My heart goes out to you. I too am the mother of a gifted child (a girl who is now in 2nd grade). I have gotten similar responses to what you have gotten to my inquiries at her school.

What I've learned is that our schools today are still not equipped to deal with gifted kids, outside the GATE programs. That means younger gifted kids, prior to enrolling in GATE, are left to their own devices and are stuck doing regular class work that is below their capacity and at a pace that is way too slow for them.

The principal and teachers are typically too busy trying to deal with the many other challenges they face, and often view the special challenges that gifted children face as not a priority. Their attitude is that, "The gifted students are bright and will be fine."

What they don't realize is that many gifted children have "special needs" too. Unfortunately, gifted students just haven't ever been a priority in the educational system, because they are a minority in most public schools.

It really hurts to see our bright children resist going to school or doing their homework because they are simply bored and are not being challenged.

I think we should start a parents' group with other interested parents of gifted kids, to see if we can put our heads together and come up with some ideas for becoming good advocates for our children's education.

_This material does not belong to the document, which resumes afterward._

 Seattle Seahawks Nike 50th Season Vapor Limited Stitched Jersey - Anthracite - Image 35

Let me know if you'd like to do this. I'm based in Huntington Beach. I'd like to get a group of parents who are in the HB school system together to meet from time to time and to attend district board meetings, etc. If you aren't in HB, maybe you can do the same with starting a group of parents in your community.

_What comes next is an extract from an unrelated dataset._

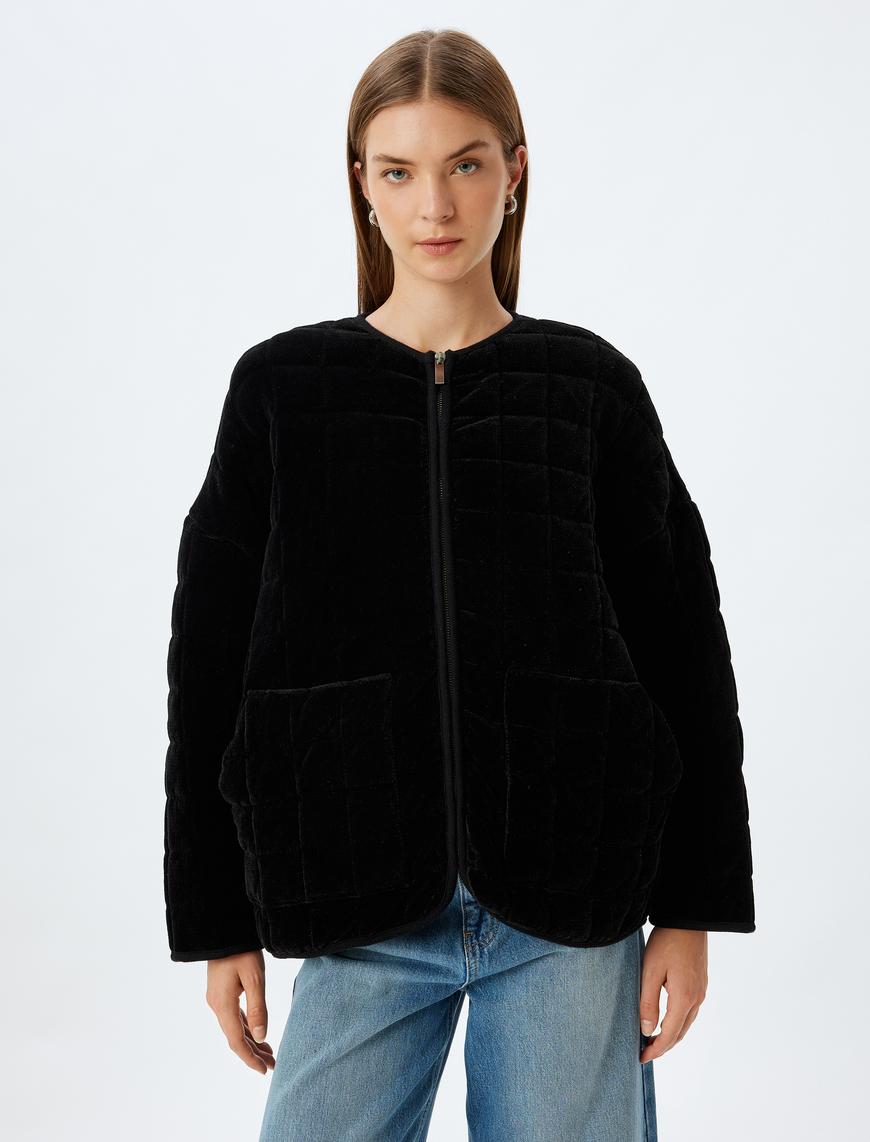 Kapitone Kadife Ceket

The groups can either meet virtually or in a centralized location for everyone who may be interested in advocating for our children. I do think attending board meetings and holding meetings with the district superintendent may be the best way to advocate for our gifted kids' education.

To start, I highly recommend the Davidson Institute for Talent Development's website: www.ditd.org and the Davidson's wonderful book about how our educational system fails gifted kids: "Genius Denied."

The website has excellent resources for both gifted kids and parents. They have a "Scholars" program (free) in which you can sign your child up and receive free mentoring and advice on how to advocate for your child. They have online communities for both parents and gifted children, so you don't feel alone in the fight for the right for quality education for your child.

Their book gives case studies of how some gifted kids have been failed by the public educational system, and excellent advice for how to become advocates for your gifted child's education.

Even though I've done this reading, and have met with the school principal, I am realizing that there is only so much a principal can do, since they are under the directives of the district. I plan to start attending school board meetings and meeting with the superintendent of my daughter's school district, as I believe a real, lasting change has to come from the top. (Teachers and principals can do "bandaid" changes that only fix the problem temporarily, if at all...but if the district sets new policies and finds new ways of adequately addressing the problem, only then our schools will begin to change.)

One last thought: I too was a teacher, and have been keeping up with the latest in gifted education. The latest buzz word is "differentiation," which basically means all children are different in their learning styles and abilities, and therefore their education should be individualized to meet those differences.

Differentiation isn't just for the gifted student, however. All children are unique and need to have their education custom designed for them. That is why so many parents are choosing to home school, as they realize the severe limitations of the current educational systems in our schools.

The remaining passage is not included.